Un puñado de denuncias cruzadas, revuelo legislativo y el inesperado pase a la ofensiva del peronismo (con el inocultable desgaste del oficialismo), son algunas de las consecuencias -hasta ahora provisorias- de la polémica desatada la semana pasada con las declaraciones del ex senador y pastor evangélico Héctor Bonarrico.
Las afirmaciones de Bonarrico sobre un supuesto cambio de favores políticos en el cierre de las listas en las últimas elecciones, en la cual su continuidad en el frente Cambia Mendoza habría tenido como recompensa la firma de un convenio para una fundación de su iglesia que insumiría 9 millones anuales de fondos públicos, incendió la agenda política local, más habituada al tedio que al escándalo.
Por lo pronto, los embates de uno y otro lado no ceden, especialmente cuando el propio Rodolfo Suarez buscó darle un corte final al asunto derogando el decreto con el cual se avalaba el convenio de la discordia. Una acción de gobierno que se conoció por su publicación en el Boletín Oficial.
Y es este un detalle no menor pues de allí se edifica la defensa oficial al asegurar que si algo extraño hubiera existido entre Bonarrico y el Ejecutivo, pues ese acuerdo no habría pasado los filtros administrativos, ni tampoco se hubiera emitido el decreto que el gobernador echó por tierra al advertir -aseguran en Casa de Gobierno- que con sus dichos, el pastor “había tergiversado” el sentido de esa ayuda social intermediada por los evangélicos.

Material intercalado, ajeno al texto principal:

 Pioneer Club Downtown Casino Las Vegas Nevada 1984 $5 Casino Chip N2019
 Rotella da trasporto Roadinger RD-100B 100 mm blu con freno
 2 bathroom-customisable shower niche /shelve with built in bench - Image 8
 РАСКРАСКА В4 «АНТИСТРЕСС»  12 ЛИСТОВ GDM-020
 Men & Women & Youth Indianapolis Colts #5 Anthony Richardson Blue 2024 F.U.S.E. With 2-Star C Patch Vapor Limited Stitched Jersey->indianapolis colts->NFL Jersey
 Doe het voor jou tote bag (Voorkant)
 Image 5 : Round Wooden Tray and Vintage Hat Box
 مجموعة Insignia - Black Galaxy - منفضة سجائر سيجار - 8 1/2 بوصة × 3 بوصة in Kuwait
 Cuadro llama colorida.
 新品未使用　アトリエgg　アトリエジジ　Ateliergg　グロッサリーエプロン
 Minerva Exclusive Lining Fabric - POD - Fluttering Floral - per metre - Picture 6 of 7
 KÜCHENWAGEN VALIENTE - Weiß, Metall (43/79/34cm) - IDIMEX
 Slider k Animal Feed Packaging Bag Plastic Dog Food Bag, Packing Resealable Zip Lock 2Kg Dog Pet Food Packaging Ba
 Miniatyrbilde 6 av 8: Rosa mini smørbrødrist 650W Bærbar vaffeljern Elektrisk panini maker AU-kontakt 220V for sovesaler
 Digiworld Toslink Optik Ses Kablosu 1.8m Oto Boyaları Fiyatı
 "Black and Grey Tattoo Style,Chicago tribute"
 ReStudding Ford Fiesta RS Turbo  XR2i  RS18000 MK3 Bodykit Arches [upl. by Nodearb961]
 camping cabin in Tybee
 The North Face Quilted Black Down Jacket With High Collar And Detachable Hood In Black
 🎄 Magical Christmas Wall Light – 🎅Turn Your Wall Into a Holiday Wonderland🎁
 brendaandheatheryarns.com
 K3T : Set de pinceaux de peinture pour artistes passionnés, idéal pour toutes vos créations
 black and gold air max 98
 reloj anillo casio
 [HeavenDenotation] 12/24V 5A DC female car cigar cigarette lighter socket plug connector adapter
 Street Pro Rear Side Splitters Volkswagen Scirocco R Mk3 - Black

Mientras tanto, el Ministerio Público Fiscal ha decidido analizar todas las denuncias juntas, para seguramente a partir de allí, y de la ratificación o no de las expresiones de Bonarrico, de las que llegó a desdecirse a medias o acusar a los medios de descontextualizar, poder determinar si el caso avanza o sólo se mantiene en el ardiente chisporroteo de la política.
Lo cierto es que más allá de los cruces y las sobreactuaciones, así como el material que ahora deberá analizar la Justicia, si algo queda claro en este embrollo es la necesidad de que la dirigencia revise sus prácticas. Muchas de ellas ancladas en un toma y daca que se sabe histórico, tanto como rechazado más allá de quién lo ejerza.
Pero también la palpable confirmación de esta más reciente vocación partidaria de algunos cultos, casi con la urgente necesidad de impregnar las políticas públicas con su visión religiosa, a veces dogmática, alejada del bien común y orientada a satisfacer a los fieles de una iglesia en particular más que a los ciudadanos de un Estado laico.
No son buenos tiempos para mensajes tan alejados de las necesidades de la gente y que no hacen más confirmar que allí donde se decide la cosa pública es una especie de burbuja incapaz de advertir los padecimientos y las malarias acumuladas. Incluso por aquellos que se dicen motivados por la fe.
El caso Bonarrico habrá de ser también un punto de inflexión para los amontonamientos frentistas o en todo caso para la necesaria discusión previa de afinidades antes de sellar la adhesión a un proyecto político, más allá de sesgo ideológico que lo sustente.
De lo contrario, todo se seguirá reduciendo a una negociación banal que se puede prestar a dudosas interpretaciones. O lo que es peor, que degrada cualquier ideal esgrimido para ganar una elección o simplemente, para retener el poder.